The premise could’ve been taken from a soundbite on Charlie Kaufman’s personal tape recorder: Computer repairman Arthur Martinez has had it with pathetic Los Angeles networking events and decides to jump-start his fledgling acting career by hiring a pair of documentarians to draw up a movie in which he’ll star. Martinez has some ideas for a flashy genre vehicle, but Silver and Ott take more interest in their new impresario and shift focus to his life, chronicling themselves as they nudge Martinez into what essentially amounts to roleplaying himself. Silver and Ott tactfully obscure their own presence when they want — there’s no shortage of “If you’re up here, then who’s flying the plane?”-type moments — but the mechanics of auto-direction aren’t even in the top five thought puzzles contained within this film. It really fascinates when the pair of directors come out from behind the curtain and exert their own influence on their semi-witting collaborators.

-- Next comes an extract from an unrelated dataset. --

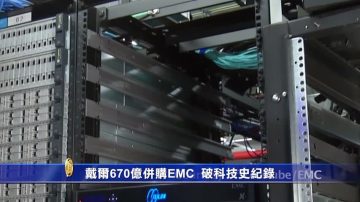 科技界最大并购案 戴尔670亿收购EMC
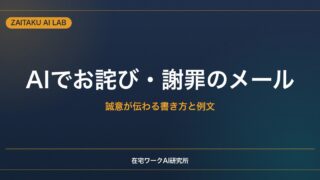 AIでお詫び・謝罪のメールを作る方法｜誠意が伝わる書き方とそのまま使える例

In the process of creating a complete life for the scare-quoted “Arthur Martinez,” the directors decide to cast him a girlfriend, and their criteria while searching for the perfect actress exposes the real goal of their project: “Let’s find someone who reminds him of his ex-wife,” they conspire. “That should make him uncomfortable.” They’re not sadists, they’re just trying to get something unmediated from the heavily guarded Martinez, and the poor actress they bring in (Lindsay Burdge, currently making waves in Karyn Kusama’s The Invitation) ends up a casualty of their high-concept battle of wills. The directors issue aggravatingly vague instructions both to keep Martinez in the dark and to drive him to his wit’s end, where they believe the truth of this guy is hiding. It’s an ethically murky tactic, and gets even murkier when they goad their actress into a profoundly uncomfortable (and not previously agreed upon) sex scene. Documentaries rarely gain access to these brutal depths of awkwardness, but in addition to containing some of the best cringe comedy since Nathan for You — which, weirdly enough, may have provided the closest point of comparison to this baffling film with the “Smokers Welcome” episode last year — this scene gets at a fundamental truth of moviemaking: every “fiction” film is also a documentary about a group of actors.
A review hardly does any good in capturing the essence of Actor Martinez. The film invites and resists analysis, offering up far more questions than it does answers. It’s a slippery enigma demanding further consideration, endless rewatches, maybe a dissertation or two. But it is also solution-proof, conclusively proving the inherent value in the pursuit of unattainable truth. And if all this talk of metacinema and performance makes the film sound like a grad school textbook instead of the viciously funny, bizarro character study that it is, take solace in the assurance that it also finds time for goofy stoner hijinks, a light satire of Hollywood pretensions, and a stand-up act so bad it could possibly violate the Geneva Convention. A playfully antic spirit runs through this ontological exercise, animating what may have otherwise been a dry collection of theories and hypotheses. Actor Martinez is more like a dense work of film criticism that plays like a movie, and an enjoyable one at that. Hyperintellectual and pathologically thought-provoking, movies like Actor Martinez are why people look forward to film festivals. and it’s helped get this year’s Tribeca off to an auspicious start.